Please see this question regarding Duda, Hart, and Stork's No Free Lunch Theoremm Discussion
Hi all, I was having trouble understanding the description of the NFL theorem in Duda, Hart, and Stork. My issues are the same as brought up in the reference above. I read the answer too, but I'm still having the following problems.
Equation (1) in the book, makes sense to me. It says that the expected error rate for a learning algorithm given the training set is:
\begin{equation} \mathcal{E}[E|\mathcal{D}] = \sum_{h,F}\sum_{x \notin \mathcal{D}} P(x)[1-\delta(F(x),h(x)]P(h|\mathcal{D})P(F|\mathcal{D}) \end{equation}
(Actually, I believe the $P(x)$ should be $P(x|x \notin \mathcal{D})$, but that won't make a difference in the proof.)

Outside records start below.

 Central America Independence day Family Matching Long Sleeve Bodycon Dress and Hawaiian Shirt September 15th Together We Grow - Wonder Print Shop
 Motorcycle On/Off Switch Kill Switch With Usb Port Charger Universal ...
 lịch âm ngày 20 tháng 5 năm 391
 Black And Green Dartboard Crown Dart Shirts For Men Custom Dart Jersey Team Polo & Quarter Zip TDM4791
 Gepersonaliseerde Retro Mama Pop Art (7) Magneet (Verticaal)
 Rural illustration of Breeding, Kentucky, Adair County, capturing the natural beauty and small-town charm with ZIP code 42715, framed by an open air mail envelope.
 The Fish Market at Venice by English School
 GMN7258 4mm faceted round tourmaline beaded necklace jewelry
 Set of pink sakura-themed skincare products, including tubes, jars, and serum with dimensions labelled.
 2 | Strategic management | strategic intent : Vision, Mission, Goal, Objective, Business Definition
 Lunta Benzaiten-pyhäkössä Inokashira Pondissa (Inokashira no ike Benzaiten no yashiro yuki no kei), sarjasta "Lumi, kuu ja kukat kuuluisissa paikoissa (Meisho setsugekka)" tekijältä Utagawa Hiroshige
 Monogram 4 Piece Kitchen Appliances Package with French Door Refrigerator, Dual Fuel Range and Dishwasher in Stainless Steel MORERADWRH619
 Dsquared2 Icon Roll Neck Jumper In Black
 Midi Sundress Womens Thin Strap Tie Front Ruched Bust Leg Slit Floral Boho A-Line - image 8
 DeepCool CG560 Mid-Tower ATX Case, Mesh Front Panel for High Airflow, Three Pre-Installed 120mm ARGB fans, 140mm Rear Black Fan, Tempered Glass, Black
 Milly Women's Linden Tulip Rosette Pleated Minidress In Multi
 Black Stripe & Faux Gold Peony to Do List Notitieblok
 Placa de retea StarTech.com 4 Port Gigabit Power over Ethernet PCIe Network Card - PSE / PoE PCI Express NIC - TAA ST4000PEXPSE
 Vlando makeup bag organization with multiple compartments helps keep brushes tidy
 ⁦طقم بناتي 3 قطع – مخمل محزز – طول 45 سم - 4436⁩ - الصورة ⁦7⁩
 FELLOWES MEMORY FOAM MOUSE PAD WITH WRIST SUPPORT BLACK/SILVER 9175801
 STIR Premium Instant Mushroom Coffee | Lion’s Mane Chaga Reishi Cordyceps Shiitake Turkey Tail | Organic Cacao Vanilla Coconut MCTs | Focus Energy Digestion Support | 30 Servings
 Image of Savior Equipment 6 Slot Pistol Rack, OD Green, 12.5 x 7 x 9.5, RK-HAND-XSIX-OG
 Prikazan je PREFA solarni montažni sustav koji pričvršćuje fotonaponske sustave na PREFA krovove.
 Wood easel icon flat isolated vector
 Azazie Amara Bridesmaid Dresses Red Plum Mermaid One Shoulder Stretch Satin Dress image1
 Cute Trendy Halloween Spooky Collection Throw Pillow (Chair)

Now, as stated in the text, $P(h|\mathcal{D})$ is the probability that the algorithm will produce the hypothesis function $h$. So with just a slight change of notation, we could write that the expected error for algorithm $k$ is:
\begin{equation} \mathcal{E}_k[E|\mathcal{D}] = \sum_{h,F} \sum_{x \notin \mathcal{D}} P(x)[1-\delta(F(x),h(x)]P_k(h|\mathcal{D})P(F|\mathcal{D}) \end{equation}
So the conditional error for algorithm $k$, given target function $F$ is
\begin{equation} \mathcal{E}_k[E|F, \mathcal{D}] = \sum_{h}\sum_{x \notin \mathcal{D}} P(x)[1-\delta(F(x),h(x)]P_k(h|\mathcal{D}) \end{equation}
Now, the text states "the expected off-training-set classification error when the true function is $F(x)$ and the probability for the kth candidate learning algorithm is $P_k(h(x)|\mathcal{D})$ is given by
\begin{equation} \mathcal{E}_k[E|F,n] = \sum_{x \notin \mathcal{D}} P(x)[1-\delta(F(x),h(x)]P_k(h(x)|\mathcal{D}) \end{equation}
What I don't understand is this: In the case of a stochastic algorithm, there are many hypothesis functions $h$ that could be produced by algorithm $k$. But in the above equation, only one $h(x)$ appears, and there is no summation over $h \in \mathcal{H}$. The penultimate equation above seems a better way to describe the classification error for algorithm $k$ given $F$. That is why I agree with the author of the above referenced question (especially his #1 and #2).
If the equation in the text is correct, then, which $h$ is it? Anybody have any ideas? I must be missing something.